## Data to process
--- START ---

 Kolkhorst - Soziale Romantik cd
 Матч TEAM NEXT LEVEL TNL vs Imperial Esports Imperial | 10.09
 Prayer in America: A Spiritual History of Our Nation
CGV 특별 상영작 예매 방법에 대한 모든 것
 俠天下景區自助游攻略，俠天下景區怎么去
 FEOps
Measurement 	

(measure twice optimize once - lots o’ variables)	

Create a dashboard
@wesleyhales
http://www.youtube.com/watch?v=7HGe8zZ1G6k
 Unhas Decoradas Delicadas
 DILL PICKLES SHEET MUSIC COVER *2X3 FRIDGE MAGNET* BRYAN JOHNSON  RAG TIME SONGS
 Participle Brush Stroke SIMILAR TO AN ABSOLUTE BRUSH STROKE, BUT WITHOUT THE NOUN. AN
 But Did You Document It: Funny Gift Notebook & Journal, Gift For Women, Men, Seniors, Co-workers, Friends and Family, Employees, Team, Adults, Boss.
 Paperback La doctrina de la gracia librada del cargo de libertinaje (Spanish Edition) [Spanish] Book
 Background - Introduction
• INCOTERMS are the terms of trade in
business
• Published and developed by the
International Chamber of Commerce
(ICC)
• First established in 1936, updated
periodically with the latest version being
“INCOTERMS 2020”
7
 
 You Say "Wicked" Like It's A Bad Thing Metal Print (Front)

--- END ---
--- START ---

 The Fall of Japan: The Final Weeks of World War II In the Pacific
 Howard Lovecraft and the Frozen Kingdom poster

--- END ---

## Brief
Extract from the records above the lines from the one containing "Kolkhorst - Soziale Romantik cd" to the one containing "Metal Print (Front)", both lines included, exactly as they appear and with nothing else.

## Answer to the problem
 Kolkhorst - Soziale Romantik cd
 Матч TEAM NEXT LEVEL TNL vs Imperial Esports Imperial | 10.09
 Prayer in America: A Spiritual History of Our Nation
CGV 특별 상영작 예매 방법에 대한 모든 것
 俠天下景區自助游攻略，俠天下景區怎么去
 FEOps
Measurement 	

(measure twice optimize once - lots o’ variables)	

Create a dashboard
@wesleyhales
http://www.youtube.com/watch?v=7HGe8zZ1G6k
 Unhas Decoradas Delicadas
 DILL PICKLES SHEET MUSIC COVER *2X3 FRIDGE MAGNET* BRYAN JOHNSON  RAG TIME SONGS
 Participle Brush Stroke SIMILAR TO AN ABSOLUTE BRUSH STROKE, BUT WITHOUT THE NOUN. AN
 But Did You Document It: Funny Gift Notebook & Journal, Gift For Women, Men, Seniors, Co-workers, Friends and Family, Employees, Team, Adults, Boss.
 Paperback La doctrina de la gracia librada del cargo de libertinaje (Spanish Edition) [Spanish] Book
 Background - Introduction
• INCOTERMS are the terms of trade in
business
• Published and developed by the
International Chamber of Commerce
(ICC)
• First established in 1936, updated
periodically with the latest version being
“INCOTERMS 2020”
7
 
 You Say "Wicked" Like It's A Bad Thing Metal Print (Front)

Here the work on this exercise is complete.